REV. SHARPTON: And when the president challenged us, I think you've got to go beyond your comfort zone, because what we have been doing has not worked.
GREGORY: Can you both concede that both political parties have, have stood in the way of reform through disagreement about education policy? I mean, in 1995, Speaker Gingrich, you were an advocate of dismantling the Department of Education. Here you are as a champion for a vision from the Department of Education about school reform.
REP. GINGRICH: Look, I mean, if you ask me, in an ideal world, would I re-empower local school boards? Yes. Would I re-empower people to have a range of choices how to spend their money? I'd give every child a Pell Grant and allow every child and their parent to pick where to go. But in a, in a time when we have liberal, Democratic president who has the courage to take on the establishment in education and who's prepared to say every state should adopt dramatic, bold reforms, I think as, as--if politics are the art of the possible, our children deserve a chance to see us come together, to put their future above partisanship and to find a way to take on the, the establishment in both parties and try to get this solved.

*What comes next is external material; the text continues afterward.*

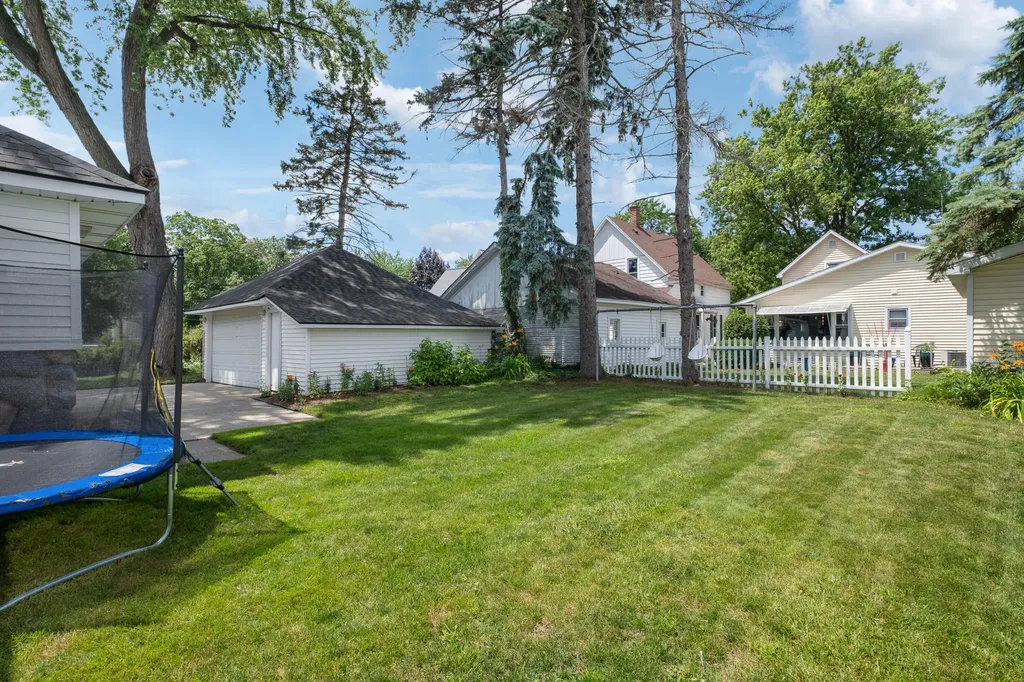 3843 Superior Street SW Grandville City MI 49418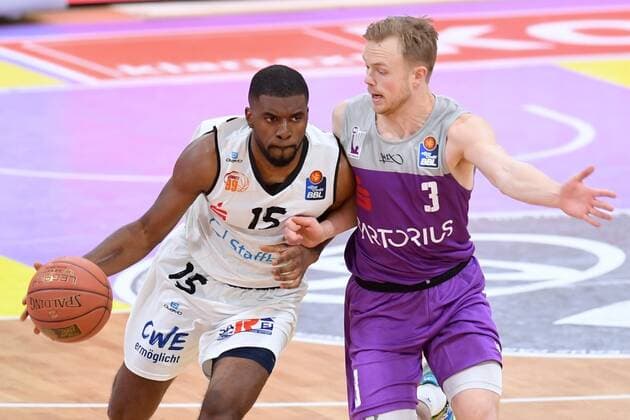 Frantz Massenat (Niners Chemnitz) (am Ball), Harald Frey (BG Goettingen) (R) , Basketball, Bundesliga, BBL, BG Goettingen - Niners Chemnitz , 06.03.2022, BG Goettingen - Niners Chemnitz, Basketball, Bundesliga, GER, BBL, 06.03.2022 Goettingen Copyright: xEibner-Pressefotox-xRolandxSippelx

REV. SHARPTON: I think that both parties have failed, but I think others have failed; I think unions have failed, I think parents have failed, I think communities have failed. I would not agree with Pell Grant, but I agree with him that we've got to find the common ground. And what President Obama said to us in the meeting in the Oval Office in May is if we agree on 70 percent, can't we achieve that? We've got to move forward. The problem is that we've all stayed within our battle lines, and the kids have suffered. When we have gone out in these cities so far, Dave, the kids don't care that he's a Republican, I'm a Democrat; he was the speaker, I'm a civil rights leader. They care that they say, "The teachers seem to have not cared about me, now I have teachers that do." It seems like no one has any expectations. The new racism, to me, is low expectations, where these kids are being told you can't be anything, you can't achieve something. They can, and we must make that happen.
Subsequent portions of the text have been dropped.